> Exercise aim
The answer must be an exact copy of the lines from the one with "Thirty Puppies Left" through the final line of the records below, with no pictures.

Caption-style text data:
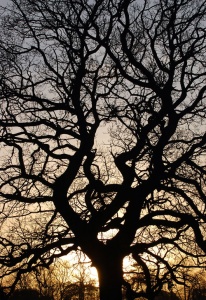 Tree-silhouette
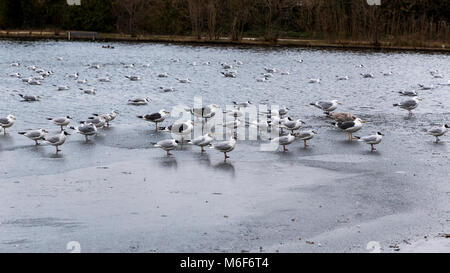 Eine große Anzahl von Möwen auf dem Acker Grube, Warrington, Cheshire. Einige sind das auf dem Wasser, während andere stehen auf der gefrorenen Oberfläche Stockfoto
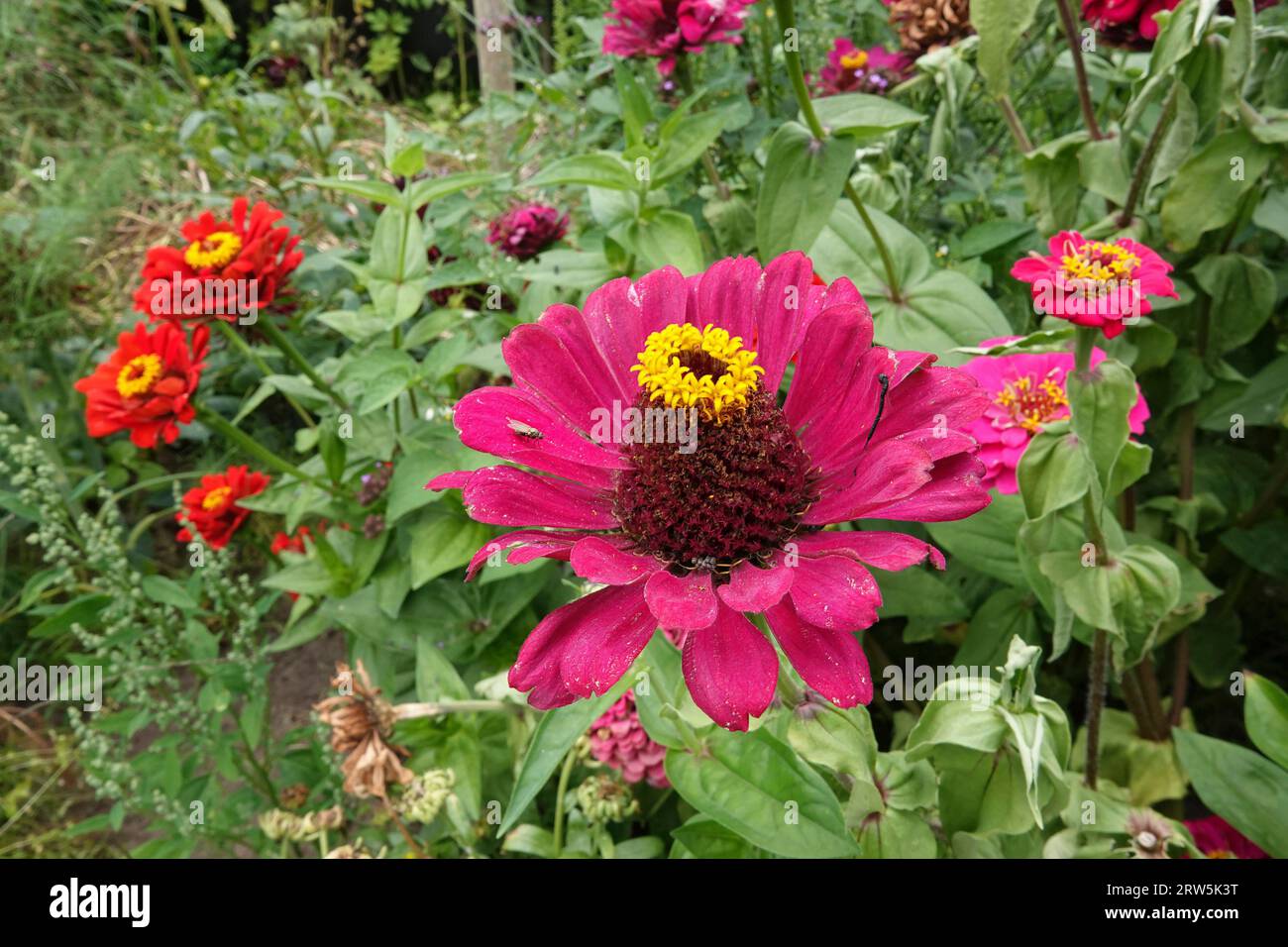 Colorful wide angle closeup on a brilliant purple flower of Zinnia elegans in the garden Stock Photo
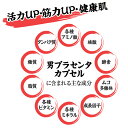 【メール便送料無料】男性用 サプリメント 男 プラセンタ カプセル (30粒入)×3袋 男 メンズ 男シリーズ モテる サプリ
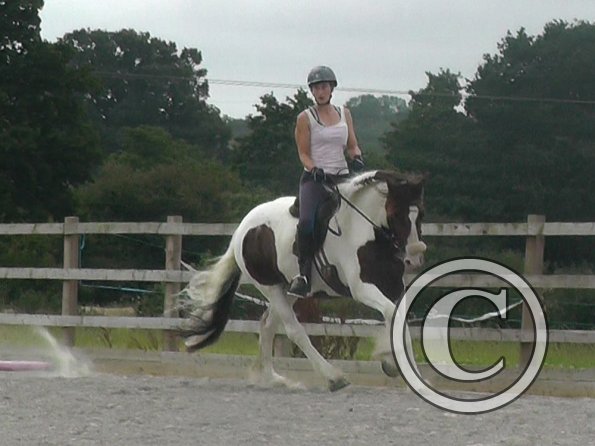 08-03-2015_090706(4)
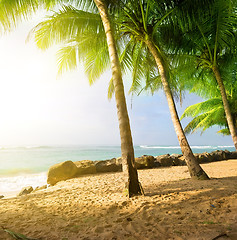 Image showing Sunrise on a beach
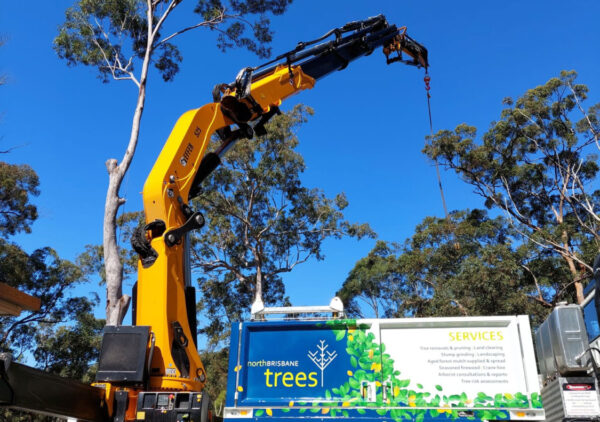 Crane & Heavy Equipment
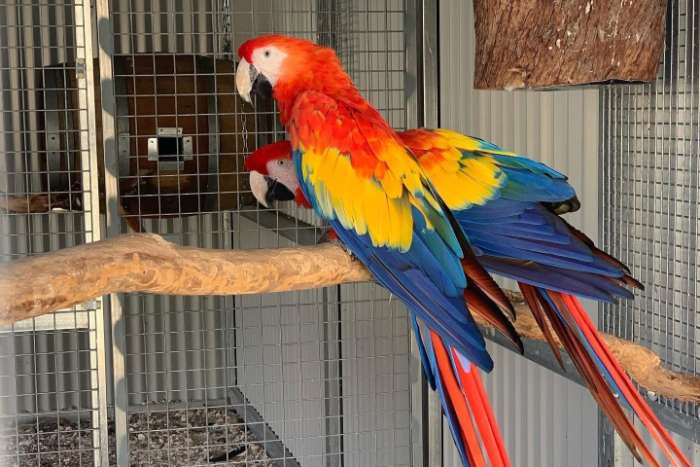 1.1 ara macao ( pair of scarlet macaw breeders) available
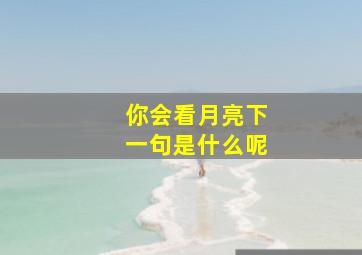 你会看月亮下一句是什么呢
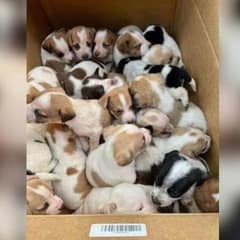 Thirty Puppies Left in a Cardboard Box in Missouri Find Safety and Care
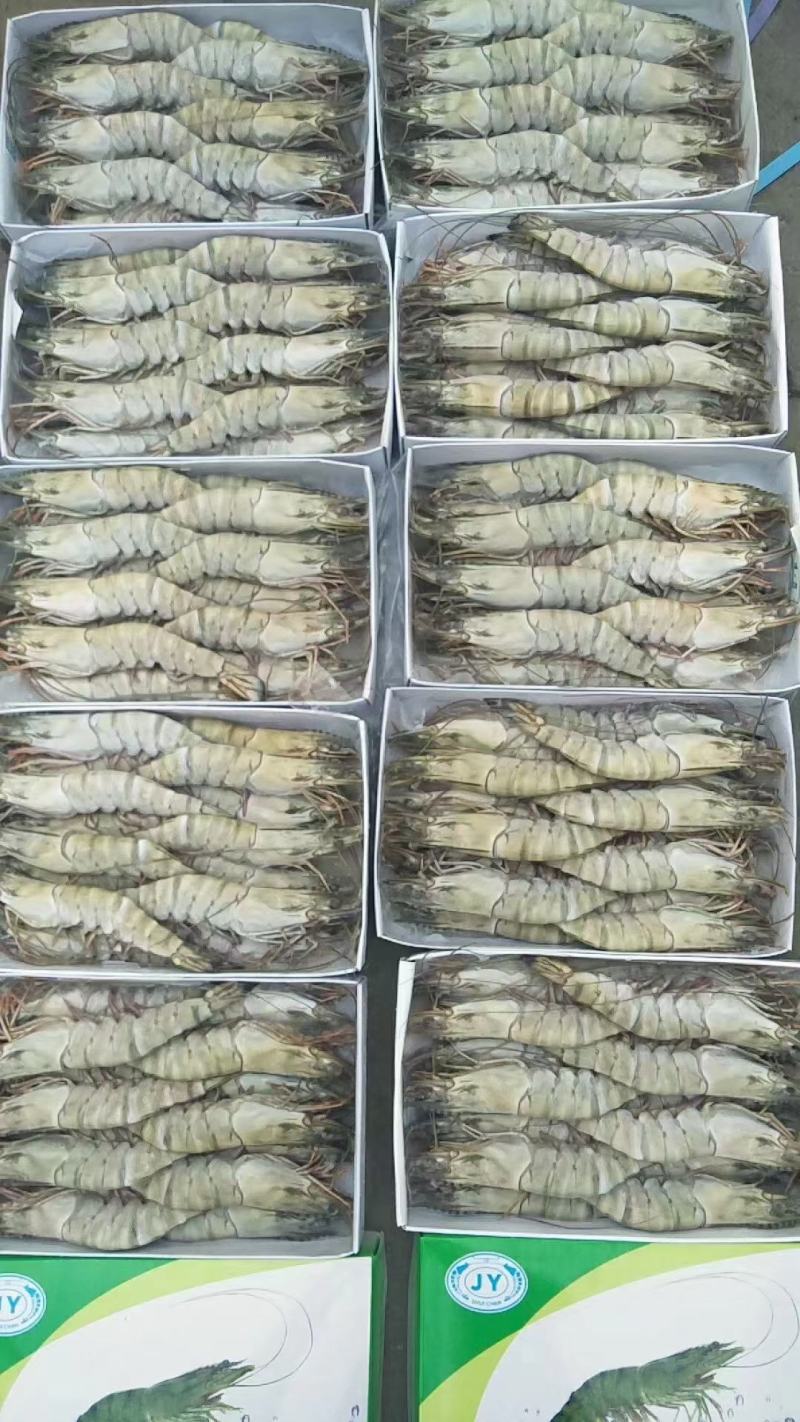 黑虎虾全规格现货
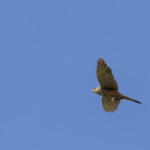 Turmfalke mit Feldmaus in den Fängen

> Exercise output
 Thirty Puppies Left in a Cardboard Box in Missouri Find Safety and Care
 黑虎虾全规格现货
 Turmfalke mit Feldmaus in den Fängen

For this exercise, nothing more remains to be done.